Moroccan Chicken Tagine

After being away for the weekend, I was really craving some home cooked comfort food.. this Moroccan Chicken Tagine really hit the spot and would go amazingly in a slow cooker. I was inspired by Chelsea Winter's recipe, she has a great bunch of food inspo!

Julia Frances Wellness

Looking for a meat free dish? Throw in a can or 2 of chickpeas into the sauce (and skip the chicken part!) you can always add more vege to this as well.. always!


Serves 4-5

Prep time: 20 minutes

Cooking time: 1 hour (i recommend using a slow cooker)

 

Ingredients

Olive oil, for cooking

500g - 700g organic chicken thighs or drumsticks

6 large cloves garlic, roughly chopped

1 tbsp fresh ginger, finely grated or chopped

2 tsp of each: ground coriander, cumin and turmeric

½ tsp each mixed spice and ground black pepper

½ tsp chilli flakes (optional)

1 cup chicken or vege stock (home made is best, or store bought or a cube)
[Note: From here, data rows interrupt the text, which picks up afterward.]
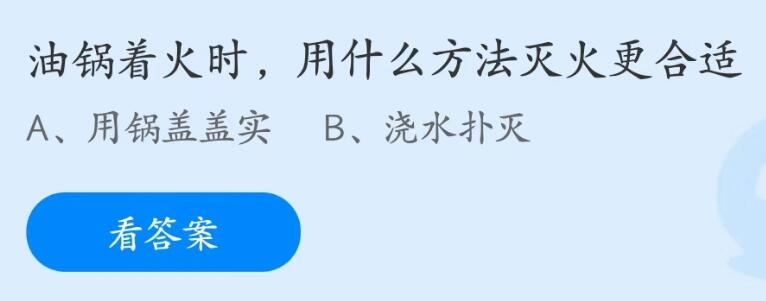 小鸡庄园今天答案最新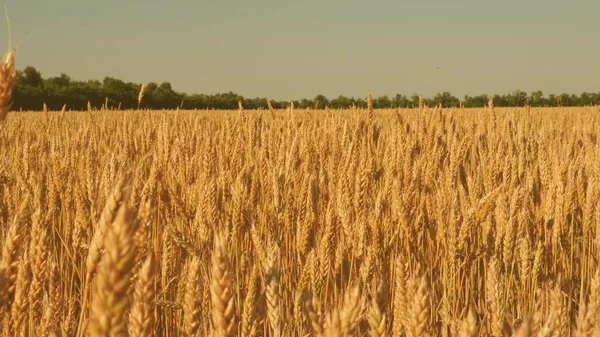 Campo de trigo maduro contra el cielo azul. Espiguillas de trigo con grano sacude el viento. cosecha de grano madura en verano. concepto de negocio agrícola. trigo respetuoso del medio ambiente — Foto de Stock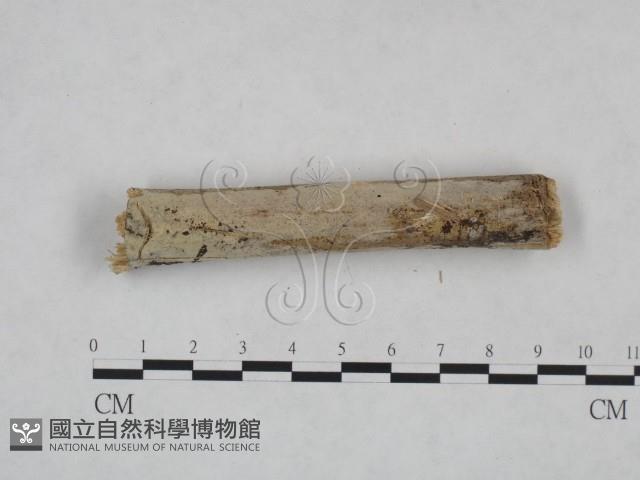 登錄號:F0025034藏品圖，第4張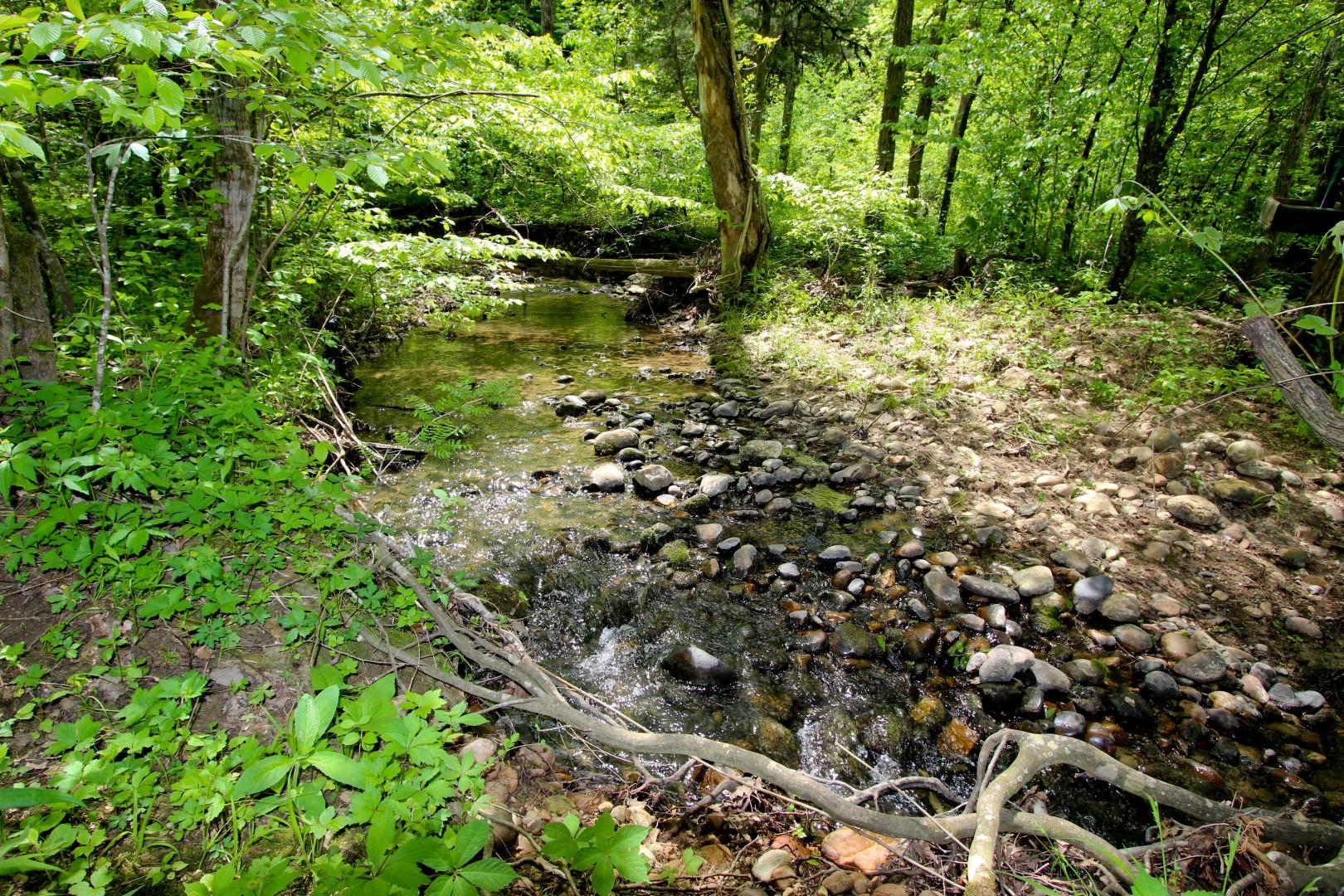 3.81-acres Lamplighter Road Newport, TN 37821 - Photo 14 of 20 IMG_2257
1 x 400g can chopped tomatoes

¾ cup chopped dried apricots or dates

3 carrots diced

A handful of spinach or kale (stalks removed and chopped)

¼ cup tomato paste

1 lemon: zested plus 2 tsp juice

1 orange: zested plus 2 tsp juice

 

½ cup chopped fresh herbs (e.g. parsley or coriander) plus extra for serving

Quinoa or rice, to serve

Almonds chopped, to serve

 

Preparation

 

Preheat the oven to 170c bake - or warm your slow cooker..

  1.  Heat a splash of olive oil in a large frying pan over a high heat. When it’s very hot, add the chicken a few at a time and fry until browned both sides (this add great flavour). Transfer to a casserole dish (or slow cooker).
  2. Using the same pan, lower to a medium heat.  Add the onions, garlic and ginger and cook, stirring occasionally, for 5 minutes. Add the spices and chilli and cook for another few minutes (add a little more olive oil if it looks dry). Add the stock, tomatoes, dried fruit, carrots, greens, tomato paste, zest and juice. Stir, turn up the heat and bring to a boil. Turn off the heat.
  3. Carefully add the sauce to the dish (or slow cooker) with the chicken.
  4. Cover with a lid and bake in the oven for 1 hour and 30 minutes. Or if using a slow cooker: cook for 4-5 hours on low or 2-3 on high – or just until you think it’s ready.
  5. Cook quinoa or rice and serve with spoonfuls of the saucy goodness.
  6. Garnish with herbs, chopped almonds and a squeeze of lemon if you like.

Looking for a meat free dish? Throw in a can or 2 of chickpeas into the sauce (and skip the chicken part!) you can always add more vege to this as well.. always!